Clone the repo on IRIS and change to directory:

git clone [email protected]:mwinokan/BulkDock
cd BulkDock

Configure

Configure variables

python -m bulkdock configure

Create directories

python -m bulkdock create-directories

Setup target

First download a target zip archive from fragalysis and place in TARGETS directory.

Extract the target:

python -m bulkdock extract TARGET_NAME

Setup the HIPPO database from within a valid SLURM job:

python -m bulkdock setup TARGET_NAME

On IRIS this can be achieved with:

sb.sh --job-name "BULKDOCK_SETUP" /opt/xchem-fragalysis-2/maxwin/slurm/run_python.sh -m bulkdock setup TARGET_NAME

Placements

Place a CSV in the INPUTS directory with the following structure:

smiles inspiration 1 inspiration 2
CC(=O)Nc1ccccc1CCS(N)(=O)=O A0487a A0719a

The smiles column is required and must come first. The name of the other columns is not used, but values in those columns must refer to the observation shortcode of any inspiration hits for this compound

Configure the SLURM_PYTHON_SCRIPT variable which should point to a template SLURM file that has some basic SLURM headers, sets up the necessary python environment and then executes python @. On IRIS this is provided at:

python -m bulkdock configure SLURM_PYTHON_SCRIPT /opt/xchem-fragalysis-2/maxwin/slurm/run_python.sh

Optionally set the variable DIR_SLURM_LOGS to put the log files in a place other than SCRATCH/logs.

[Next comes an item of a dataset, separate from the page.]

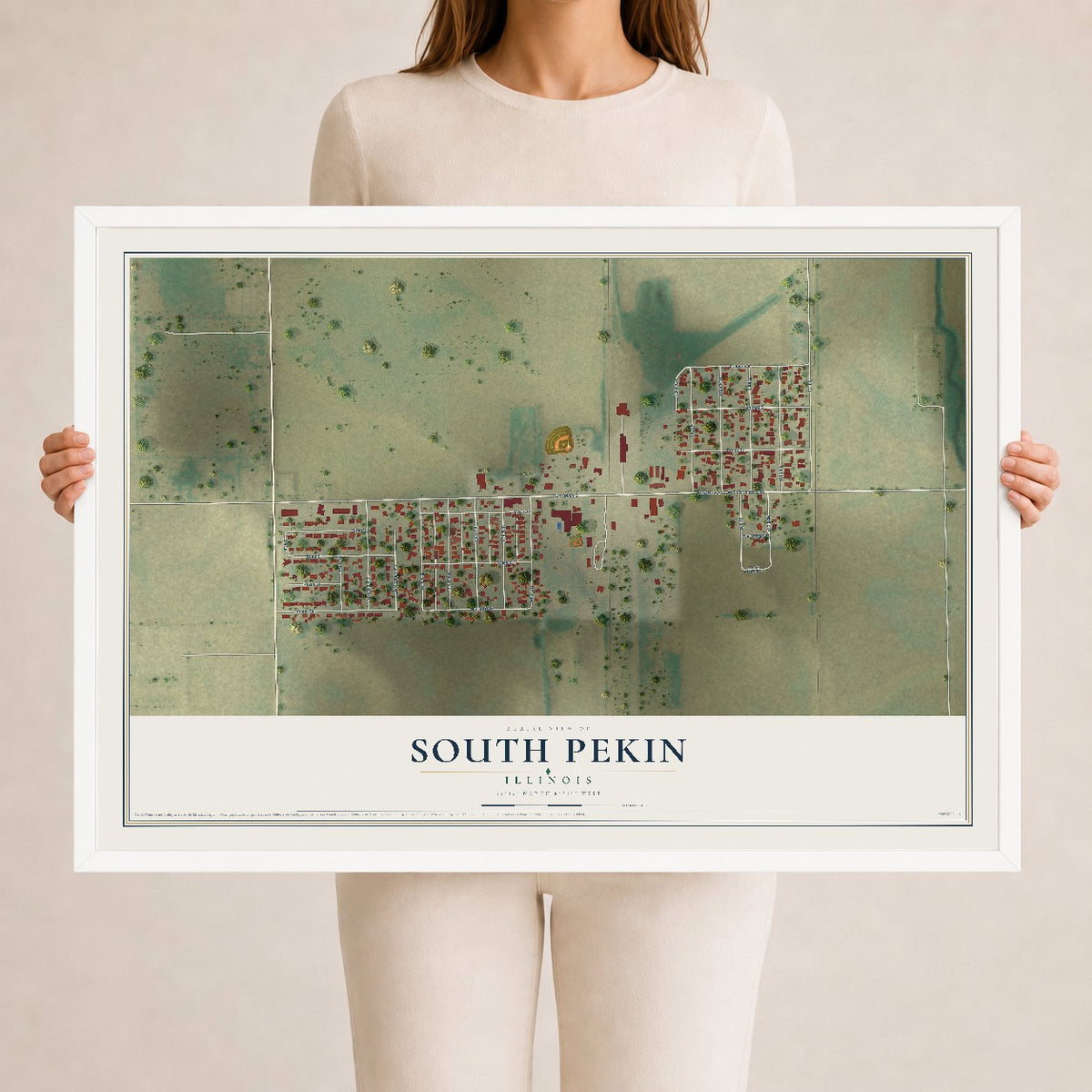 Map of South Pekin, Illinois, 24 x 36 inch print in a white wood frame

Once configured, and the inputs have been placed in the INPUTS directory, the command to launch the placement jobs is:

python -m bulkdock place TARGET_NAME SDF_NAME

Once the placement jobs have finished the individual SDF outputs will be located in the OUTPUTS directory as configured. The above command will also queue a combine job to run after the placement jobs, and generate a _combined.sdf output.

Monitoring jobs

To monitor the jobs try:

python -m bulkdock status

Collating outputs from multiple (failed) placement jobs

If a placement jobs do not correctly write out SDF outputs you can use a "collate" job to extract any Poses from certain jobs that were registered to the database. In this case write a json file containing the job ID's to the SCRATCH/${TARGET}_inputs directory containing the job ids. E.g. with python:

from bulkdock import BulkDock
import json
job_ids = {1,2,3,4}
engine = BulkDock()
target = "FatA"
json.dump(list(job_ids), open(engine.get_scratch_subdir(f"{target}_inputs") / "FatA_Knitwork_36_active_collate_job_ids.json", "wt"))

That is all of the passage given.